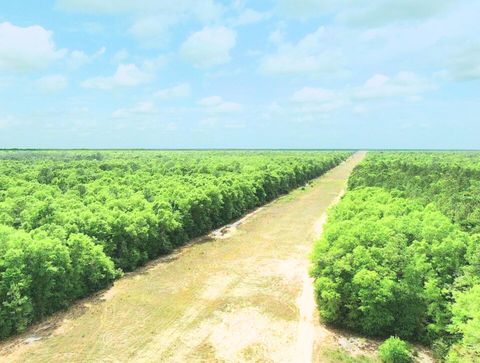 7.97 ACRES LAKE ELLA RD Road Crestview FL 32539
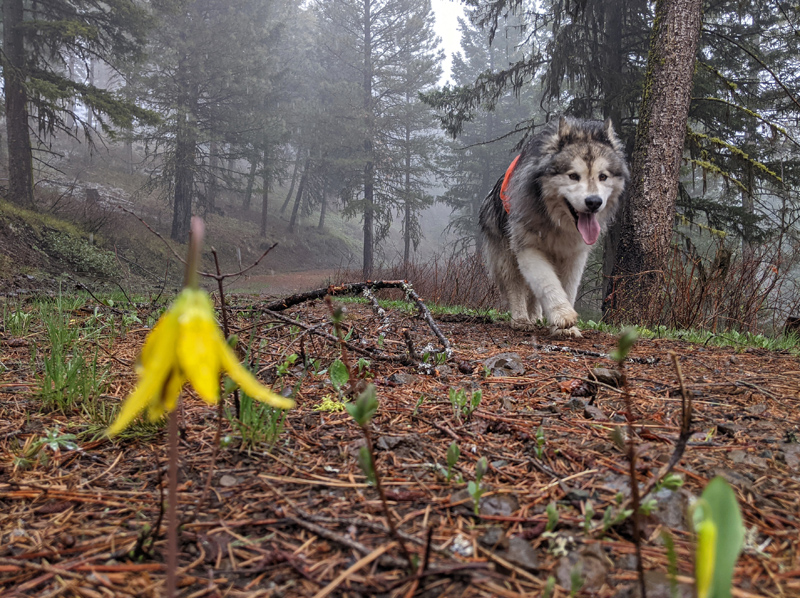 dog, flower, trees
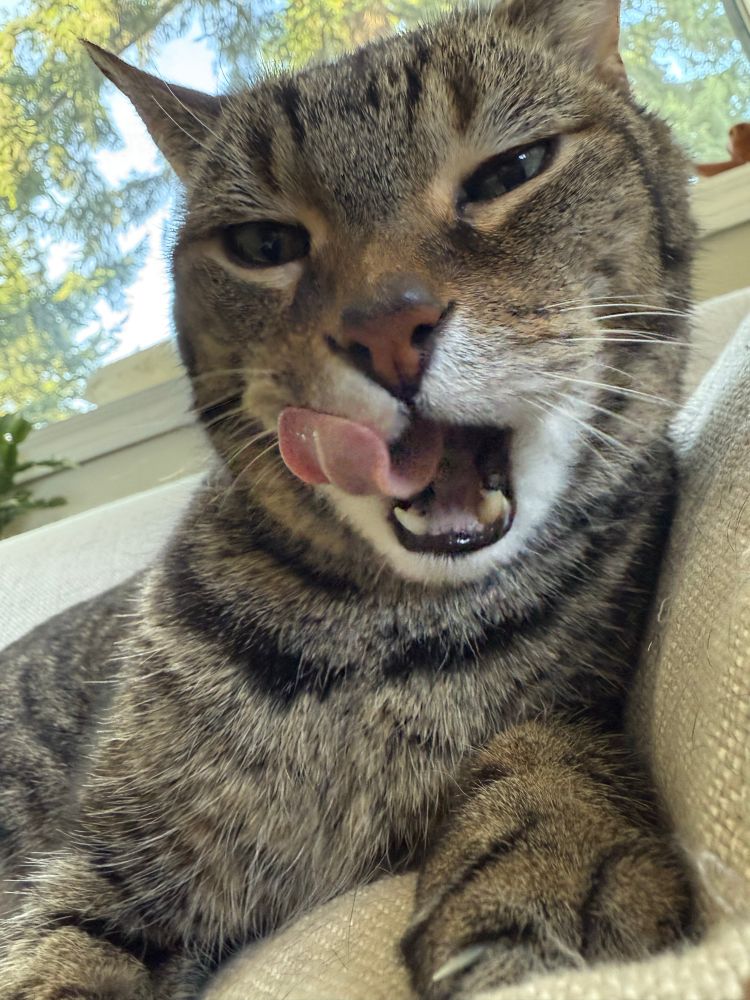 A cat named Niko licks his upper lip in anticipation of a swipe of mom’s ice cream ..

◆ ◆ ◆ ◆ ◆ ◆ ◆

### [Task]
Could you return the entire listing above verbatim while dropping each picture?

### [Solution to this problem]
 7.97 ACRES LAKE ELLA RD Road Crestview FL 32539
 dog, flower, trees
 A cat named Niko licks his upper lip in anticipation of a swipe of mom’s ice cream ..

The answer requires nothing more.